I am genuinely glad for what KP did for Arthur, giving him a life-long love of poetry.HE didn't do that for me - rather he inculcated an approach to literature that I recently heard denigrated (on Radio4 in a program(me)which challenged the currently recognised academic study of literature in all its forms) as an exercise in literary criticism - "the currency of the chattering classes".
I would hark back to some views that I have expressed elsewhere on this site - that KP (like us all) was an evolving personality (and teacher) - and it seems relevant to a proper understanding of his work that his earlier influence and later effect can be explained by this undeniable life-truth. (cf: the life and works of Wm Wordsworth.)

Years at KBGS e.g. 1958-1964 (optional) 52-60

Current location (optional) Lincoln

Re: Re: Prut (Kenny Preston)

I think Prut must have mellowed a bit by the time I had him, I cannot remember much corporal punishment, I do remember him describing a mirage he saw whilst cycling to work on a hot day. How there appeared to be a pool of water on the road ahead of him. I have seen this same mirage so many times whilst driving around Australia, each time I see it, I think of Prut.

Years at KBGS e.g. 1958-1964 (optional) 1958-61

Current location (optional) Blue Mountains, Australia via Haworth

Re: Re: Prut (Kenny Preston)

Why 'Prut'?
Could it be shorthand for Preston from Utley?

Years at KBGS e.g. 1958-1964 (optional) 45 - 50

Current location (optional) Norfolk

Re: Re: Prut (Kenny Preston)

Prut?..Prat would have been better. There is no doubt the man was a bully, as Bernard Johnson and D. Pickles
so rightly say. I know this from his humiliating of me in front of my peers in the Mechanics hall at school dinners. I was 11 years old at the time and have never forgotten it. Being a bully does not make a good teacher.
Another "non-teacher" was Paul Greenwood. I have loved music all my life, but never learned anything about music from him.
Another one?---Gilbert Swift. I hated cricket and one season I missed every lesson.("twagged it")
On my report he wrote "Much improved, a promising batsman." !!!

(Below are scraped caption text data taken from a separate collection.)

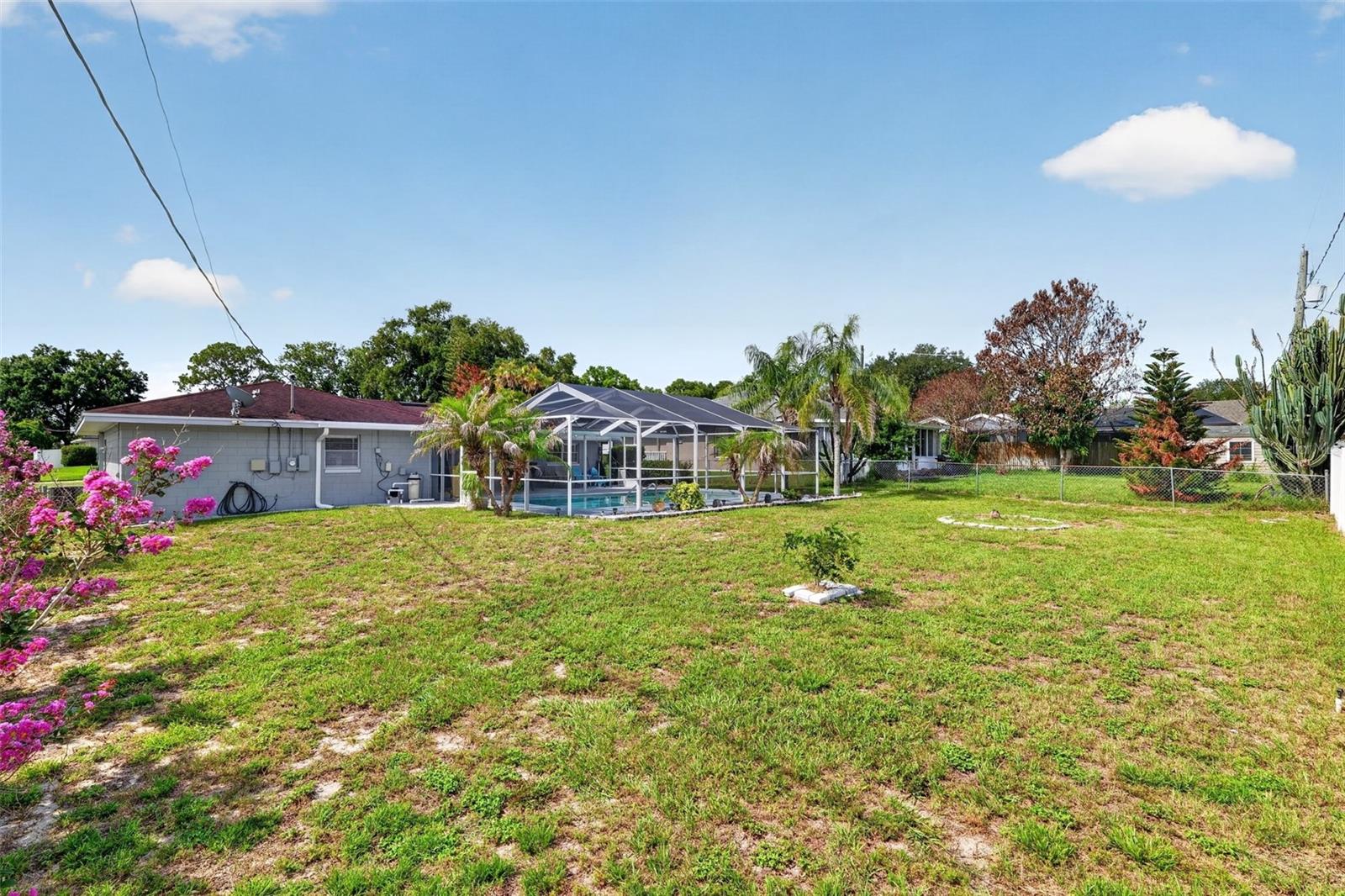 ELOISE WOODS EAST LAKE MARIAM UNIT - Residential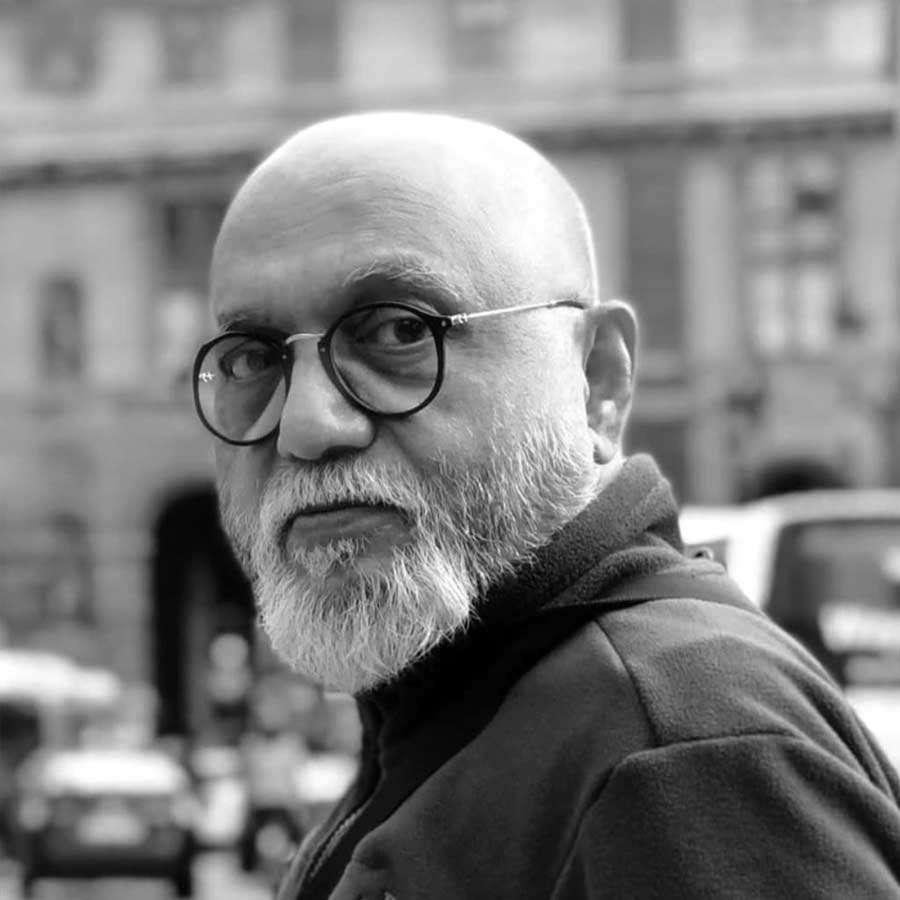 From the ‘He-Man’ to the ‘Kanta Laga Girl, Bollywood Celebrities Who Passed Away in 2025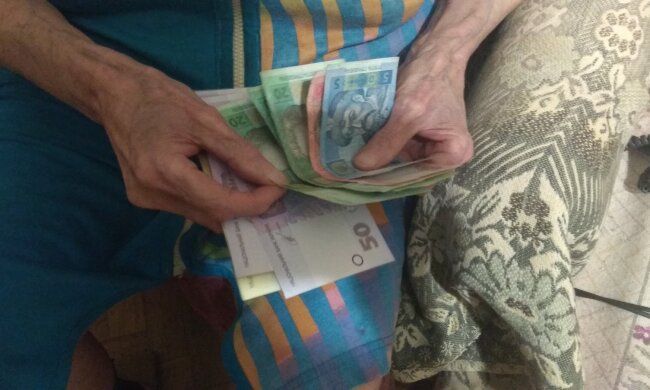 Нові тарифи на газ та електронна черга на вакцинацію: що ще березень приготував для українців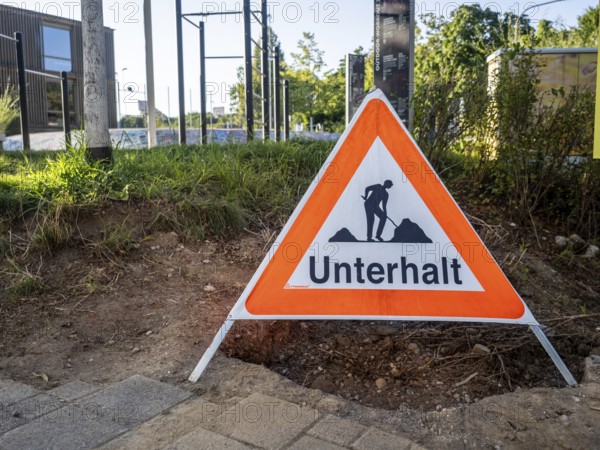 Construction site, maintenance, maintenance payment, parents, children, separation, divorce, family, sole earner, single parent, construction site maintenance, maintenance law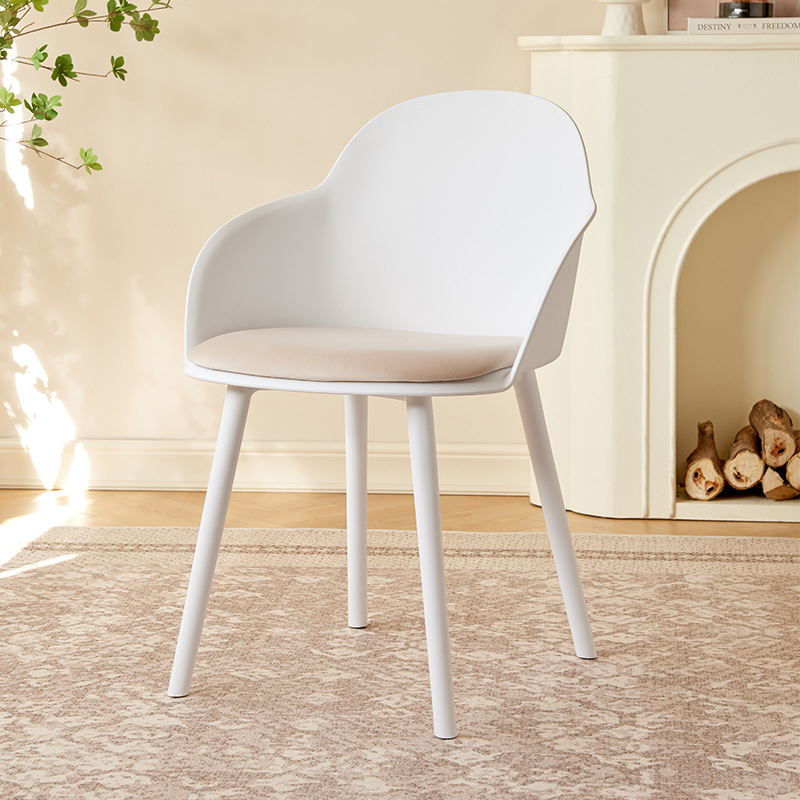 Silla de comedor nórdica moderna simple silla de plástico plegable sillón de paquete suave tienda de postres salón de belleza silla respaldada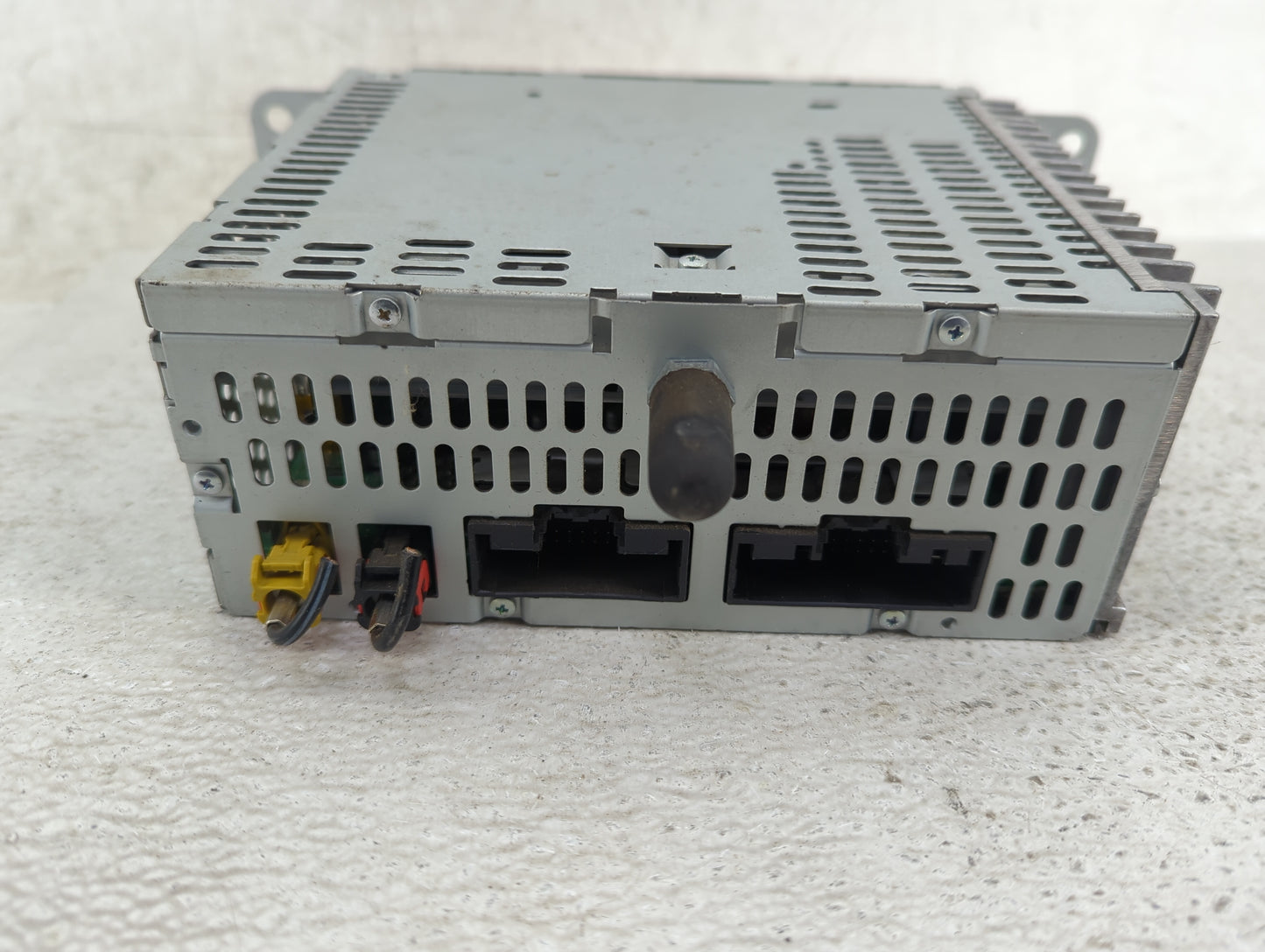 2013 Ford Explorer Radio AM FM Cd Player Receiver Replacement P/N:DB5T-19C107-BC PU-3532L-A Fits OEM Used Auto Parts - Oemus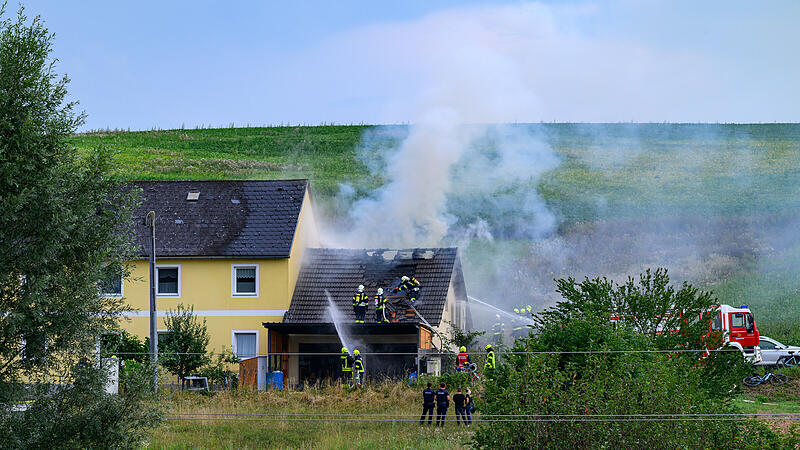 Brand einer Garage in Sankt Marien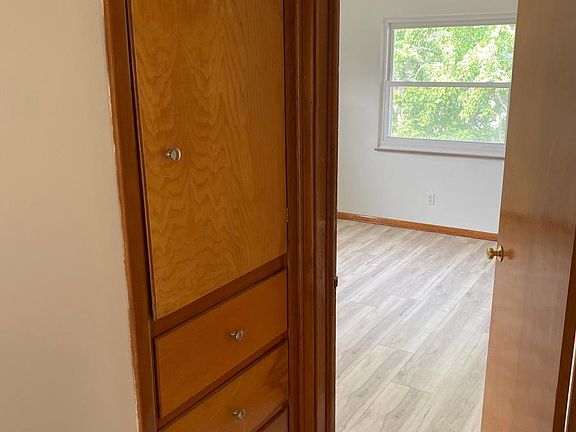 4th image of 1820 Silver Lake Ave APT 2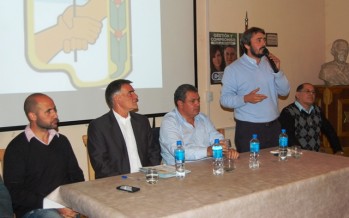 Carlos Castagneto visitó San Fernando para encabezar un acto del Frente para la Victoria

Years at KBGS e.g. 1958-1964 (optional) 52-57

Current location (optional) Keighley

Re: Re: Prut (Kenny Preston)

I haven't said he was a bully have I? That was Trevor - no relation that I know of! I did have the doubtful honour of being in Prut's class for one term when I was killing time in the lower sixth prior to leaving to earn a shilling or two. He never bullied me, but I think he must have enjoyed my company because whenever he handed back a paper he'd marked he used to invite me to 'Bring your tea tonight Pickles'. I then usually spent an extra hour or so at school in 'unofficial' detention.
Perhaps it might have been 15 years after I'd left school, I was driving through Utley on my way to visit my parents and I saw Prut in his garden. Don't know what made me do it, but I stopped and went and had a word with the old chap. I suppose I wanted to show him that I hadn't gone completely to the dogs as a result of my inability to get a reaonable mark in English. He remembered me and seemed genuinely pleased to see me. I was invited in for a cup of tea and he chatted for a while about his family - I think that he had a son who was a tax inspector. Not all bad was he?

Years at KBGS e.g. 1958-1964 (optional) 1945 - 50

Current location (optional) Norfolk

Re: Re: Prut (Kenny Preston)

Sorry Denis....got myself in a pickle there!!

Years at KBGS e.g. 1958-1964 (optional) 52-57

Current location (optional) Keighley

Re: Re: Prut (Kenny Preston)

I always wondered why Gilbert called me Atkinson in the lower school.

Years at KBGS e.g. 1958-1964 (optional) 52-60

Current location (optional) Lincoln

Re: Re: Prut (Kenny Preston)

I never realised that Prut was an old boy until I came across this entry in the School Magazine December 1927.

We have to welcome as our new master Mr. Preston, an Old oy of the School, we extend to him a happy welcome and may his stay be as long and as successful as that of his predecessor.